I’ve sat with Ganesh in my office for many years now. I’ve read his body language, contemplated the ‘gestalt’ of him. It seems to me Hindu & Buddhist gods & goddesses (along with all religious & spiritual symbols) hold multiple layers of meaning and, I believe, are meant to be contemplated—allowing the image to speak to us personally. These images represent energetic and informational fields we can personally interact with. For instance, one of my favorite Christian symbols is the sacred heart of Jesus (& the immaculate heart of Mary). For me, this image invokes the felt sense of heart awakening, including the real, physical pain that is often the gateway to it—the knife or crown of thorns piercing the human heart, causing it to burst into flames (and flowers!).

One day I simply ‘knew’ some messages Ganesh held—information that was quite different than what I had read about. It is a personal experience of the image, and I apologize if it reads as blasphemous—it is not meant to contradict other teachings & meanings—but rather to help you see from my point of view, as well as encourage your own relationship with and integration of perennial /religious/ spiritual/ philosophical messages.

My read on Ganesh is this:  He signifies embodied awareness—our awake consciousness, fully descended into the body, and therefore BIG. He represents the possibility of being weighted & planted on earth, with senses as robust as an elephant’s ears and trunk.

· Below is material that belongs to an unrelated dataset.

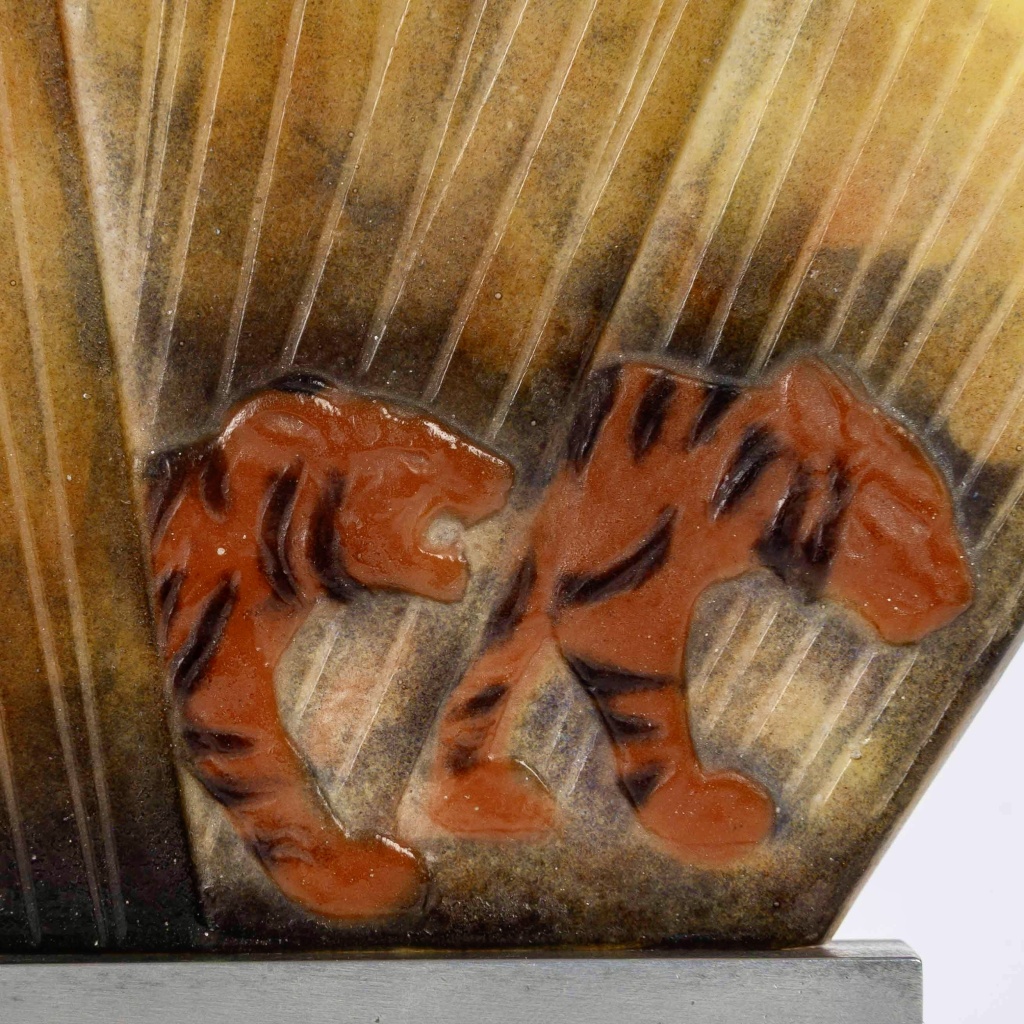 1928 Gabriel Argy Rousseau – Veilleuse Tigres Pâte de Verre 9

The crown chakra on Ganesh is open and glittering, while the elephant’s body is at rest—peaceful & content (with the fruits of abundance in one of his hands), and his many arms exhibit the capacity, when embodied, for clear ‘yes’s’ and ‘no’s,’ signified by the lotus and the scythe. 

There is a little mouse at Ganesh’s feet, looking up at the massive beast; I see this mouse as our mind—tamed at the feet of the master. In this sacred image, the mouse (mind) reflects the appropriate scale of things—the relatively small intelligence of mind, compared with the immense intelligence of the Being (which we now know has multiple ‘brains,’ including the heart, the gut, the connective tissue and, really, every single cell in the body).

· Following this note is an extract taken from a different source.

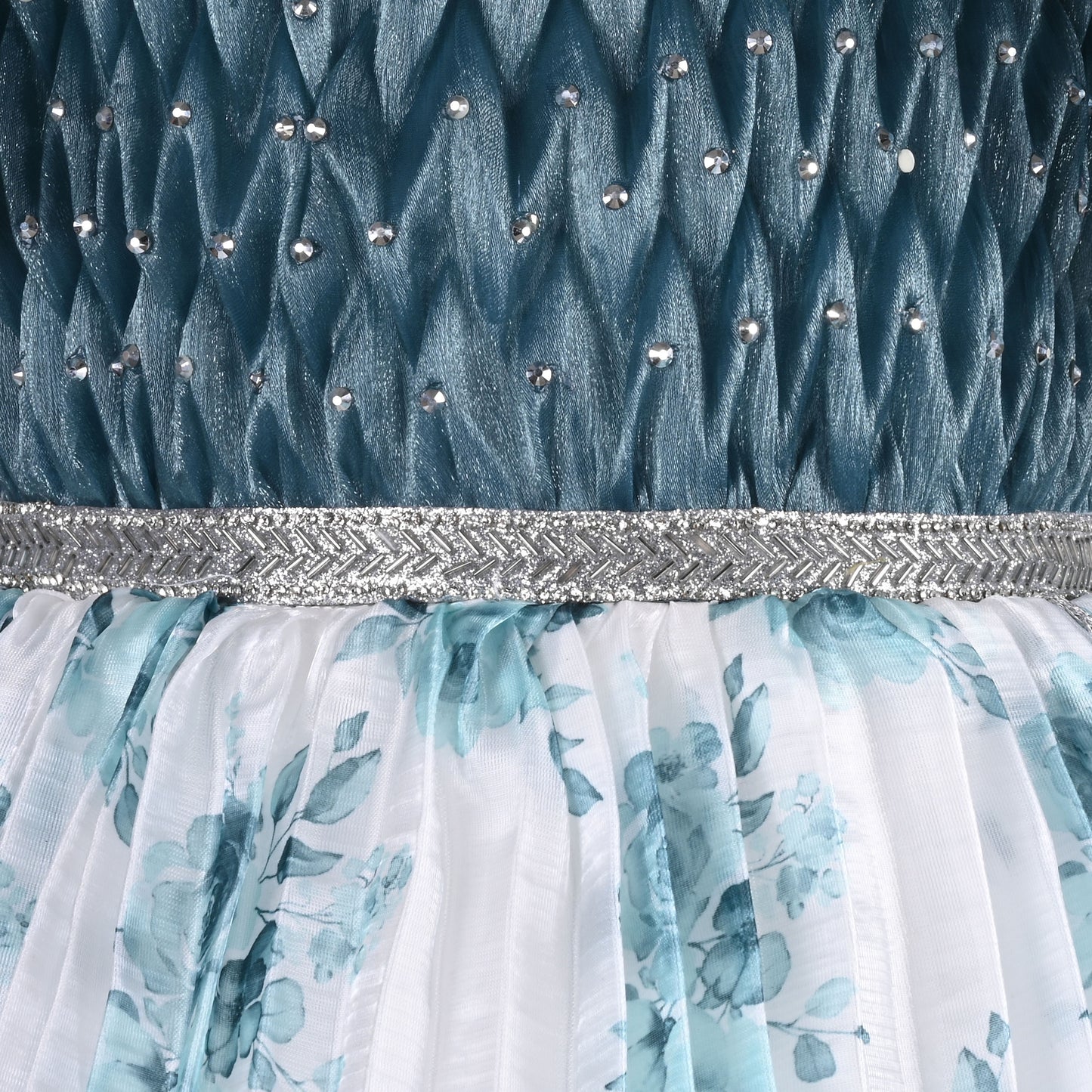 Girls Floral Rhinestone Pleated Dress fep3429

In the meditations I have been teaching, we come deeply into the physical body and the subtle energy body—our large, intelligent, personal energetic field (several feet beyond our physical form), which is connected with all other fields, including the field of Silence. We touch into our bigness, to our oneness, and we sense the layers of being that we ARE. To feel this bigness is to feel safe, connected, and alive. But it takes practice—’hours logged,’ as Kiran Trace says, because there have been countless generations before us logging their hours believing (and feeling) they are small, disconnected, and no more than this strange sack of organs & bones.

Ganesh reminds us of our truer nature—the bigness that is felt when we are fully embodied, and he shows us how the senses are the doors to our biggest nature—a nature so huge that an elephant with four arms, often depicted on a massive throne and sitting in a spacious castle with vast, open sky behind him, is just a hint—a symbol, a reminder, an invitation—of the Great Big You.